Ne sono uscite 28 pagine da archiviare come punto fermo della situazione attuale e futura, pubblicate a due settimane dall’incontro di Helsinki tra Donald Trump e Vladimir Putin.

Jones comincia col cercare di capire come mai si è arrivati a questo punto – le mosse in Ucraina, le ingerenze alle presidenziali e più in generale le operazioni di trolling con cui creare destabilizzazione in Occidente (per esempio, la Cnn ha ricostruito in questi giorni come lo scorso anno le fabbriche dei troll russi abbiano lavorato per diffondere argomenti divisivi tra i cittadini americani dopo l’uccisione di Philando Castle), in definitiva dunque, la politica estera aggressiva russa.

Le più comuni ricostruzioni si dividono tra chi sostiene che Putin abbia iniziato un push-back combattivo perché s’è sentito accerchiato dall’espansione a est della Nato (che in teoria non sarebbe dovuta avvenire), e chi invece sottolinea che l’aggressività è una caratteristica che sarebbe venuta fuori comunque durante l’azione presidenziale, anche per mantenere presa sul potere interno.

“Putin ha ripetuto talmente tante volte il primo punto, che è finito per persuadersi”, ha commentato Steven Pifer, ex alto funzionario del dipartimento di Stato, ora in forza al think tank sul campo della non-proliferazione degli armamenti. Ma in realtà la situazione è dovuta a una visione del mondo “zero-sum” con cui il presidente russo vede in generale le democrazie liberali come un problema per la sua stabilità. Per questo, spiegano gli esperti, una partnership, finché sarà lui a guidare il Cremlino, appare complicata.
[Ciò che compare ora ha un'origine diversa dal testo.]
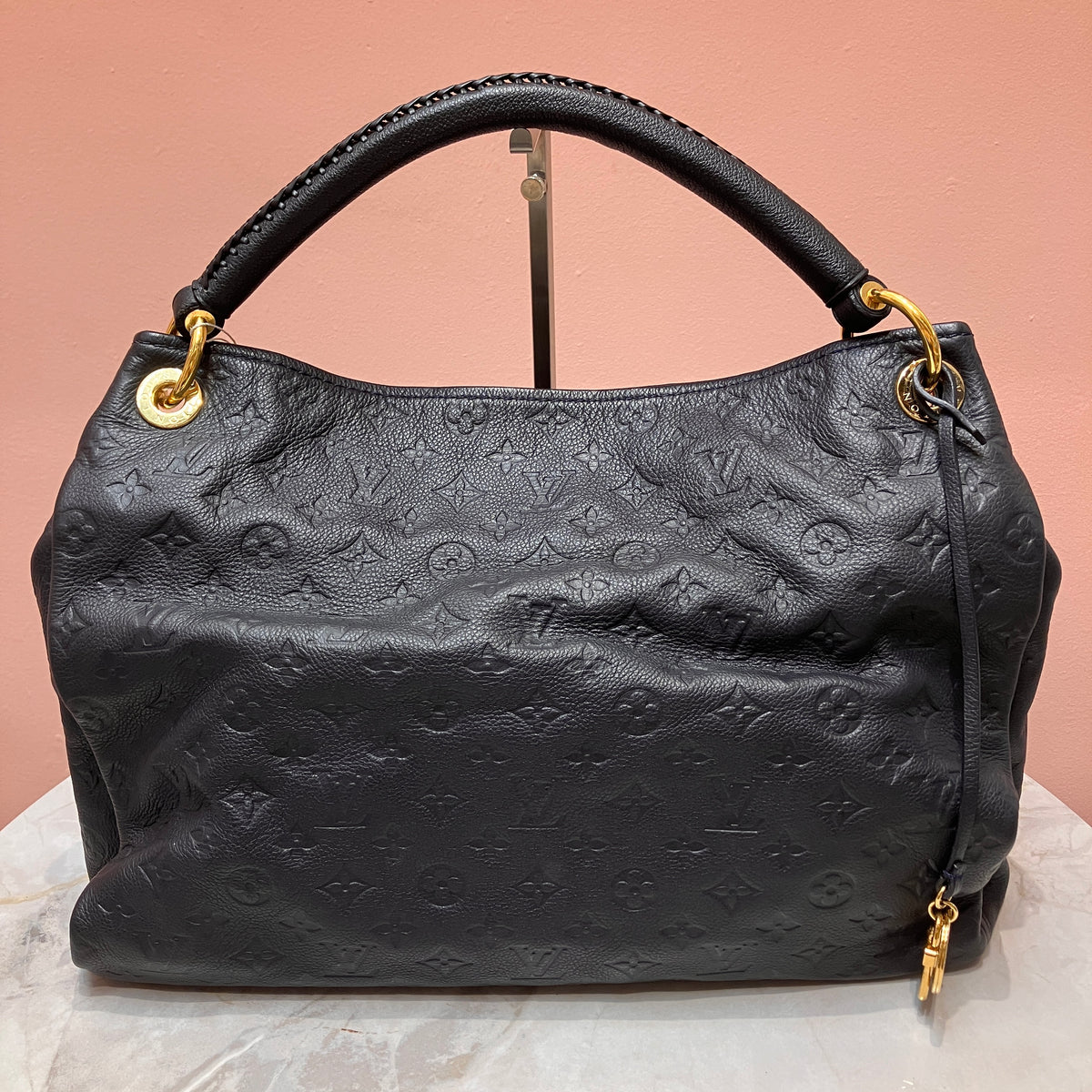 Louis Vuitton Artsy Black MM Bag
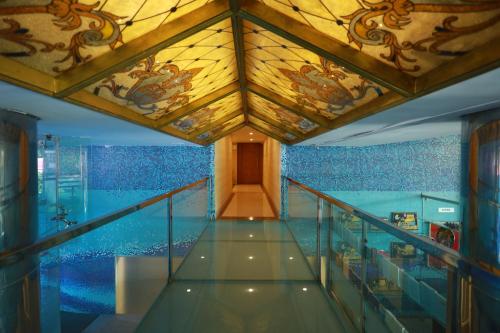 โรงแรมสัจ ลูเซีย (Saj Lucia Hotel) in ทิรุวานันทปุรัม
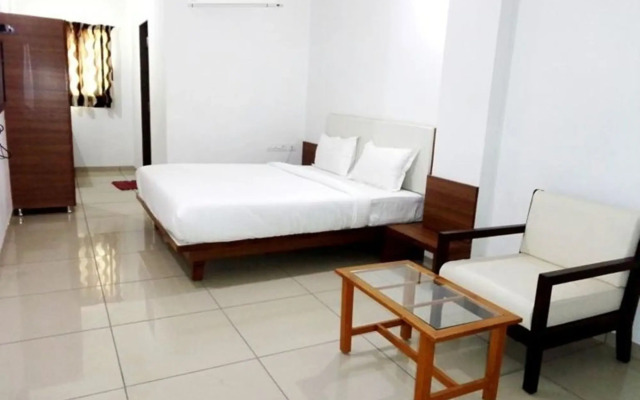 Hotel Ashray Inn Express
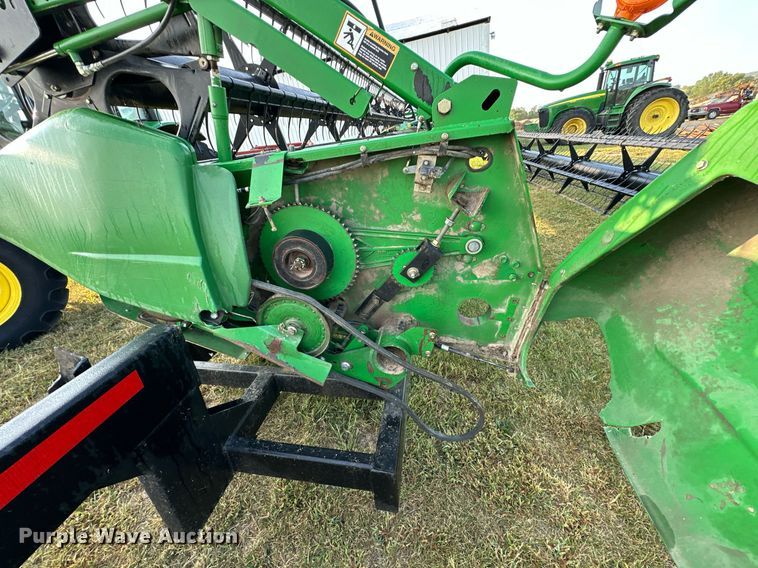 image for item DR2598 John Deere  635F flex head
Però, commenta Thomas Wright, direttore del centro con cui la Brookings si occupa di studiare le relazioni tra Stati Uniti ed Europa, è necessario ristabilire un equilibrio almeno sul warfare politico, ossia quello che riguarda le attività russe di ingerenza e destabilizzazione attraverso l’intrusione nel corso socio-politico-culturale di altri paese.

Combattere in questa guerra ibrida e informativa richiede che l’Occidente sia credibile, in grado di creare deterrenza reale, dice lo studioso. Usa e Ue dovrebbero comunque combinare questa pressione – fatta anche di forti sanzioni economiche – all’apertura su aree di comune interesse, dialoghi di alto profilo su questioni globali e canali di comunicazione per evitare escalation.

Il punto, però, aggiunge Strobe Talbott (ex presidente della Brookings fino al 2017, quando gli è subentrato il generale intellettuale John Allen), è che tutto avviene, adesso, in un momento in cui c’è “un grande elefante nella stanza”, e l’atteggiamento di contenimento che Washington potrebbe giocare – fatto di quelle pressioni e dialogo già usato anni fa – viene meno. Il riferimento è all’imprevedibilità dell’azione di governo di Trump.

Su aspetti concreti, come la situazione in Georgia e la crisi in Ucraina, non c’è convergenza di vedute tra gli esperti della Brookings: fermo restando che soprattutto la seconda sia ritenuta come il motivo scatenante della depressione dei rapporti tra Stati Uniti e Russia, non tutti gli analisti credono che dell’attuale caos sia meglio una distensione con Mosca, se poi questa dovesse essere forzata e costruita su termini di interesse russo (per esempio: se la crisi ucraina dovesse chiudersi con una soluzione accettata diversa dagli accordi Minsk).

Il risultato che accomuna tutte le analisi è che la Russia richiederà a Washington un focus strategico a lungo termine, certamente fatto di non-isolamento, ma nemmeno di concessioni (in due parole la policy si potrebbe definire “contatto severo”). Questo perché, è vero che l’instabilità economica connessa anche alle sanzioni (da cui Putin “è umiliato e spaventato”, anche se non lo ammetterà mai, spiega l’ex vice-presidente della Banca centrale russa, Sergey Alekashenko) potrebbe creare malcontento tra i cittadini, “soprattutto tra i giovani” (sottolinea Angela Stent, professare della Georgetown University), ma è quasi impossibile che si inneschi una stabilità sociale interna o reali riforme strutturali in Russia. Anzi, Putin continuerà, se necessario, a fare affidamento su una politica estera aggressiva per nascondere le condizioni dell’economia russa.